As to the contention of the DeWitt bank that the Beatrice bank has an adequate remedy at law, this court in the recent decision in Union Loan & Savings Ass’n v. Simmons, ante, p. 260, 267 N. W. 449, said: “Appelant further contends that appellee has an adequate remedy at law by maintaining an action for damages against the abstracter and his bondsman. It must be borne in mind that, under *408the authorities herein cited, appellee has a first lien on the real estate in question. The mistake of the abstracter brought about a situation on the public records that clouded the certainty of appellee’s priority. This uncertainty appellee asks a court of equity to remove. An action for damages would provide no remedy at all. The position taken by appellant would require appellee to surrender its first lien and accept in lieu thereof a cause of action for damages. This contention is without merit. Clearly the appellee has no adequate remedy at law to have the priority of its mortgage lien determined and is entitled to invoke the powers of a court of equity to obtain relief.”

Having found that the Beatrice bank did not have actual knowledge of the DeWitt bank’s judgment at the time it released its mortgage, and that whether or not the Beatrice bank was negligent in failing to discover the record of the judgment is immaterial if the rights of innocent parties are not involved, the case seems to come squarely within the general principle that: “It is presumed, as matter of law, that the party must have intended to keep on foot his mortgage title, when it was essential to his security against an intervening title, or for other purposes of security.” 2 Jones, Mortgages (7th ed.) sec. 873. It is apparent from the record that the Beatrice bank did not intend to take title subject to the judgment held by the DeWitt bank.

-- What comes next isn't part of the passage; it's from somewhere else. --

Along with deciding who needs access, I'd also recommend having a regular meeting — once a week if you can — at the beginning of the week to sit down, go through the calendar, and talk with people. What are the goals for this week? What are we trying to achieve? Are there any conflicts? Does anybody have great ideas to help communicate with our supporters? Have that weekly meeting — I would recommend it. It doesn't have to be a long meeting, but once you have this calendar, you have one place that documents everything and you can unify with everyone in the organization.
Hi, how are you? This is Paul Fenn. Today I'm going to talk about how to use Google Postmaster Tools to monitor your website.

We do not lose sight of the rule that, ordinarily, when one having a mortgage on real estate becomes the owner of the fee the former estate is merged in the latter, for it is held in Wyatt-Bullard Lumber Co. v. Bourke, 55 Neb. 9, 75 N. W. 241, and in Citizens State Bank v. Petersen, 114 Neb. 809, 210 N. W. 278, as follows: “But the mortgagee may in such case keep his mortgage alive when it is essential to his security against an intervening title. If there was no expression of his intention in relation to the matter at the time he acquired the equity of redemption, it will be presumed, in the absence of circumstances indicating a contrary purpose, that he intended to do that *409which would prove most advantageous to himself.” And in Edney v. Jensen, 116 Neb. 242, 216 N. W. 812, this court said: “Ordinarily, it is presumed that one must have intended to keep alive his mortgage title, where it was essential to his security against an intervening title; and this presumption applies although the party through ignorance of such intervening* title may have actually discharged the mortgage and canceled the notes and really intended to extinguish them.”

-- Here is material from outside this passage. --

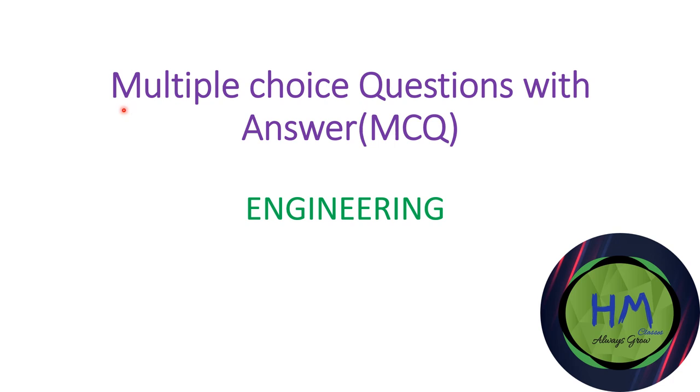Hello friends, welcome to my YouTube channel. Today we are going to discuss multiple choice questions with answers. So let's start the video.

The Beatrice bank always held the first lien and discharged its lien under a mistake of fact such as a court of equity may be called upon to rectify. That the intention of the bank was not to subject its lien to the lien of the judgment of the DeWitt bank is clearly shown. The rights of innocent parties are not involved and the DeWitt bank did not change its position by reason of the act of the Beatrice bank. Under all of the circumstances of this case, we are of the opinion that the findings and judgment of the trial court are correct.

Affirmed.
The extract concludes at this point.